As discussed earlier, one of the main problems with meta-analysis is that the studies being combined are different, resulting in heterogeneity.24  There will always be some heterogeneity between studies because of chance, but when performing meta-analysis this needs to be investigated to determine whether the data can be combined reliably. RevMan calculates 2 measures of heterogeneity, the χ2 test and the I2 test.25  The χ2 test determines whether there is greater spread of results between the studies than is due to chance (hence, heterogeneity is present) and a value less than 0.10 usually suggests this. The I2 test tries to quantify any heterogeneity that may be present, a result greater than 40% usually suggests its presence, the higher the percentage the greater the heterogeneity. If heterogeneity is present, it should be investigated by removing studies or individual patients from the analysis and seeing if that removes the heterogeneity. Differences between the included patients in the individual studies may explain the heterogeneity (clinical heterogeneity). For example, the efficacy of a new treatment for multiple myeloma will depend on whether the patients' condition is newly diagnosed, previously treated, or after transplantation. Differences in drug dosing, route, and frequency of administration will also contribute to heterogeneity. Other contributors to heterogeneity may include the design of the study and how the study was funded (eg, commercial vs noncommercial sponsorship). If, after detailed investigation, there is no obvious cause for the heterogeneity, the data should be analyzed with a more conservative statistical method that will account for the heterogeneity. In reviews with significant heterogeneity, a more conservative overall result will be obtained if the analysis uses a random-effects model, compared with a fixed-effect model. A random-effects analysis makes the assumption that individual studies are estimating different treatment effects. These different effects are assumed to have a distribution with some central value and some variability. The random-effects meta-analysis attempts to account for this distribution of effects and provides a more conservative estimate of the effect. In contrast, a fixed-effect analysis assumes that a single common effect underlies every study included in the meta-analysis; thus, it assumes there is no statistical heterogeneity among the studies.

Other techniques used to account for heterogeneity include subgroup analyses and meta-regression. Subgroup analyses are meta-analyses on individual clinical subgroups that determine the specific effect for those patients. Common subgroups may be based on age, sex, race, drug dosage, or other factors. Ideally, subgroup analyses should be limited in number and should be specified a priori. Meta-regression is used to formally test whether there is evidence of different effects in different subgroups of studies.26  This technique is not available in RevMan.
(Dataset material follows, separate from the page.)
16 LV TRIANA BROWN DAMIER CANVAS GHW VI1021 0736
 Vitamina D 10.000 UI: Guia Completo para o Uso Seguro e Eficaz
Sensitivity analyses can be performed to determine whether the results of the meta-analysis are robust. This involves the removal of studies that meet certain criteria (eg, poor quality, commercial sponsorship, conference abstract) to determine their effect on the overall result. For example, large studies will generally have a lower variance and will thus be more heavily weighted than small studies. However, because this weighting does not account for study quality, a poorly designed large study might be overrepresented in the analysis compared with a small well-performed study. A sensitivity analysis could be performed in which the large poorly designed study is removed and the meta-analysis is repeated with the remaining studies to assess if the overall effect estimate remains the same. For example, if a drug appears to have a positive effect on relapse-free survival, but this effect disappears when commercial studies are removed in the sensitivity analysis, the reader should be aware that the results and conclusions of such study could be biased.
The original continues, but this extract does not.